02.32 – Platforms and other distributors of funds

Fund distributors, which may include:

  • financial advisers,
  • fund platforms,
  • wealth managers,
  • brokers (including execution-only brokers),
  • banks,
  • building societies; and
  • members of an Insurance group, can all fall within the definition of Investment Entity because of their role in distributing a Collective Investment Scheme as defined for the Agreement.

There are two different types of fund distributors:

  • those that act as an intermediary in holding the legal title to the Collective Investment Scheme (such as a nominee); and
  • those that act on an only advisory basis.
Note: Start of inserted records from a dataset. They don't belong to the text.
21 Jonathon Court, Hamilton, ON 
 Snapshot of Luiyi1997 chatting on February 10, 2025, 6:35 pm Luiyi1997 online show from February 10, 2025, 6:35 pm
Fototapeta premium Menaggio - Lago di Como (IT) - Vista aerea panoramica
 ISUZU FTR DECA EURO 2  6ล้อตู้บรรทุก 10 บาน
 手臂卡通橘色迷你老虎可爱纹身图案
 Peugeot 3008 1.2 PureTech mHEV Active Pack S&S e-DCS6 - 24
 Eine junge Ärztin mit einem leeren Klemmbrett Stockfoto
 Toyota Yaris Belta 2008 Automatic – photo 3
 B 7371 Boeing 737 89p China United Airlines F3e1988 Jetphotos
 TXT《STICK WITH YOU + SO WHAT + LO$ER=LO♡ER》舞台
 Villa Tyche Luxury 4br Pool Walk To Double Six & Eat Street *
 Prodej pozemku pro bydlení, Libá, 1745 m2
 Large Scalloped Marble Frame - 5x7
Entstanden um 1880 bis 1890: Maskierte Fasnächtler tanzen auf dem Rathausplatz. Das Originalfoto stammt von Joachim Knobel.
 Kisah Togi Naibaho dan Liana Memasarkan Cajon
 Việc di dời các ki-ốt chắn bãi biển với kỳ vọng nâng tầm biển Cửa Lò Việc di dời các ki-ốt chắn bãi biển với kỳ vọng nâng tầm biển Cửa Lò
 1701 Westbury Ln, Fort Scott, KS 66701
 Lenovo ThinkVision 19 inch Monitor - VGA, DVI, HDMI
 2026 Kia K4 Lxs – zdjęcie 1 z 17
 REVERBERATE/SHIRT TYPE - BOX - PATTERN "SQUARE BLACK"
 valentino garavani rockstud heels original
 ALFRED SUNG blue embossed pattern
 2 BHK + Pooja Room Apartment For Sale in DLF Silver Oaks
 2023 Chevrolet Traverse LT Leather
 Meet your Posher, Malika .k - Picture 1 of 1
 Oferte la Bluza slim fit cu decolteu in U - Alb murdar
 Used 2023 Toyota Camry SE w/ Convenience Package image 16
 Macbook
Where a customer appears on a Collective Investment Scheme’s register, the responsibility to report on that customer lies with the fund. As shown in the following example, if a customer invests in a fund via a fund platform, the responsibility to report on the customer may lie with the platform.

Example 1

Fund platforms typically hold legal title to Collective Investment Scheme interests on behalf of their customers (the investors) as nominees. The customers access the platform to buy and sell investments and to manage their investment portfolio. The platform will back the customers’ orders with holdings in the Collective Investment Scheme, and possibly other assets. But only the platform will appear on the shareholders’ register of the Collective Investment Scheme. Where this is the case, the platform will be responsible for reporting on its Financial Accounts.

Where financial advisers’ activities do not go beyond the provision of investment advice to their customers and/or acting as an intermediary between the Collective Investment Scheme, or fund platform and the customer, then they will not hold legal title to the assets and therefore are not in the chain of legal ownership of a Collective Investment Scheme. Such financial advisers will not be regarded as the Financial Institution that maintains the Financial Account in respect of the accounts they advise on (see 2.34 below).

A platform may have a ‘mixed business’ i.e. it acts as an adviser or ‘pure intermediary’ between the investor and the underlying Financial Institution (such as a Collective Investment Scheme), on behalf of some customers. In addition, it also holds legal title to interests on behalf of other customers. In the case where legal title is held, the platform will be a Financial Institution with a reporting obligation in respect of those interests.

From the platform’s perspective, it will not be treated as maintaining those accounts where it acts as an adviser or pure intermediary. This is consistent with the treatment of a Central Securities Depository (see 2.38).